Dalam sebuah laporan mengenai iklim Eropa, Copernicus dan WMO mencatat kondisi ekstrem tahun lalu, termasuk gelombang panas pada bulan Juli yang mendorong 41 persen wilayah Eropa Selatan mengalami heat stress yang kuat, sangat kuat, atau ekstrim.
Panas yang ekstrem menimbulkan risiko kesehatan khusus bagi pekerja di luar ruangan, lansia, dan orang-orang dengan kondisi yang sudah ada seperti penyakit kardiovaskular dan diabetes.
Beberapa wilayah di Italia mencatat 7 persen lebih banyak kematian daripada biasanya pada bulan Juli lalu, dengan korban termasuk seorang pria berusia 44 tahun yang sedang mengecat marka jalan di kota Lodi di bagian utara yang pingsan dan meninggal dunia.
Heat stress mengukur dampak lingkungan terhadap tubuh manusia, menggabungkan faktor-faktor seperti suhu, kelembapan, dan respons tubuh, untuk menentukan feel likes temperature.
Beberapa wilayah di Spanyol, Prancis, Italia, dan Yunani mengalami heat stress ekstrem selama sepuluh hari pada tahun 2023, yang didefinisikan sebagai feel likes temperature lebih dari 46 derajat Celcius. Pada saat itu juga harus segera diambil tindakan untuk menghindari serangan panas dan masalah kesehatan lainnya.

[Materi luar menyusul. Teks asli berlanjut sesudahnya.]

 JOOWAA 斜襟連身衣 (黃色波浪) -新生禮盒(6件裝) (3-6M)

"Kematian yang berhubungan dengan panas telah meningkat sekitar 30 persen di Eropa dalam 20 tahun terakhir," kata laporan tersebut seperti dilansir Reuters, Rabu (24/4/2024).
Badan lingkungan hidup Uni Eropa telah mendesak pemerintah-pemerintah di Eropa untuk mempersiapkan sistem perawatan kesehatan untuk menghadapi perubahan iklim dan menyerukan peraturan-peraturan Uni Eropa untuk melindungi para pekerja di luar ruangan dari cuaca yang sangat panas.

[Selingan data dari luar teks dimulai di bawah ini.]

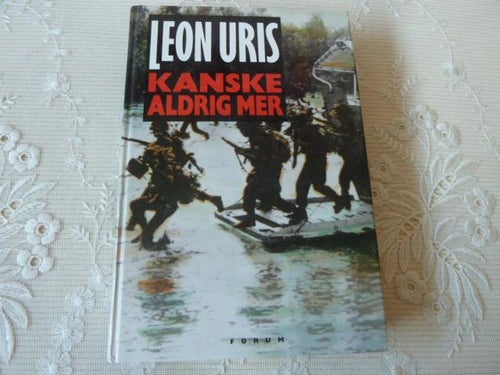 KANSKE ALDRIG MER, L. URIS, 1991,  BÖCKER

Tahun 2023 merupakan tahun terpanas di dunia sejak pencatatan dimulai. Eropa adalah benua yang paling cepat mengalami pemanasan di dunia.
Emisi gas rumah kaca adalah penyebab terbesar dari panas yang luar biasa tahun lalu, kata laporan itu. Faktor-faktor termasuk pola cuaca El Nino juga berperan.
Panas memicu cuaca ekstrem termasuk banjir, karena atmosfer yang lebih hangat dapat menahan lebih banyak uap air, menyebabkan hujan yang lebih deras ketika dilepaskan.
Banjir di Slovenia tahun lalu berdampak pada 1,5 juta orang. Yunani mengalami kebakaran hutan terbesar di Uni Eropa yang tercatat, dengan luas 960 km persegi, dua kali lebih besar dari Athena. Gletser Alpen kehilangan 10 persen dari volume yang tersisa selama tahun 2022 dan 2023.
"Beberapa kejadian pada tahun 2023 mengejutkan komunitas ilmiah karena intensitasnya, kecepatan kemunculannya, luasnya, dan durasinya," kata direktur Copernicus Climate Change Service, Carlo Buontempo.